This has been common knowledge among conservatives and Christians for years. I doubt it will change.

I’m trying to put on my shocked face, but nothing about the anti-American, anti-Israel propaganda machine shocks me anymore.

They tried the “separation” angle, but that was a factional failure.

The NY Times has been a propaganda rag since the late thirties, when they spread propaganda for the Soviets.

They’ve been fully exposed as leftist parasites. If the NY Times lauds someone or defends them, you can be sure they’re corrupt leftist scum.

Guilt by association is a bitch:

Walter Duranty served as the Moscow Bureau Chief of The New York Times for 14 years following the Bolshevik victory in the Russian Civil War.

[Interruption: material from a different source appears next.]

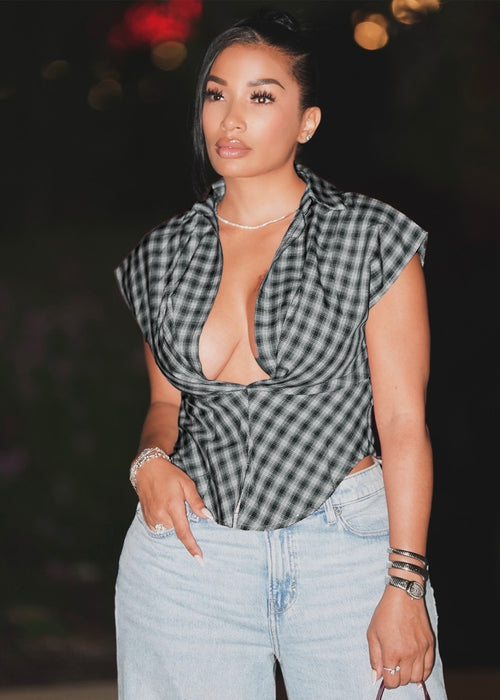 Plaid Button Top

Duranty received a Pulitzer Prize for a series of fake reports in the NY Times about the Soviet Union, denying widespread famine (1932–1933) in the USSR, most particularly the mass starvation in Ukraine (in which Stalin killed 6 million people). Years later, there were calls to revoke his Pulitzer – but not by the NY Times.
https://en.wikipedia.org/wiki/Walter_Duranty

If it were only the anti-Semite part of the NYT that was vile it would be nasty but would fit in with the many leftist organizations that exist. But this is only one evil measure of the paper. It has so many unAmerican agendas and viewpoints that are responsible for many of the problems the msm are facing today. Between the WaPo and the NYT, they literally created the term “Fake news” not by their use of the phrase but because they created so much fake news. Never has so much egregious behavior been allowed to exist for so long as the one-sided and divisive “News” that they have gotten away with.

I wonder how many Jews are employed by the NYT. It seems the average red state deplorable is far more supportive of Israel than many highly educated American jews.

Just more pain for those select few who have suffered the most ever in the totality of human history. And all it can do is get worse and worse and worse if we dare ever to forget in the slightest way.

Good poster, but, the word “great” should be in quotation marks, because the New York Times’ “greatness” is an entirely subjective and alleged characterization, and, isn’t at all universally recognized, except solely in the minds of the lemming Leftists who dutifully swallow its propaganda narratives.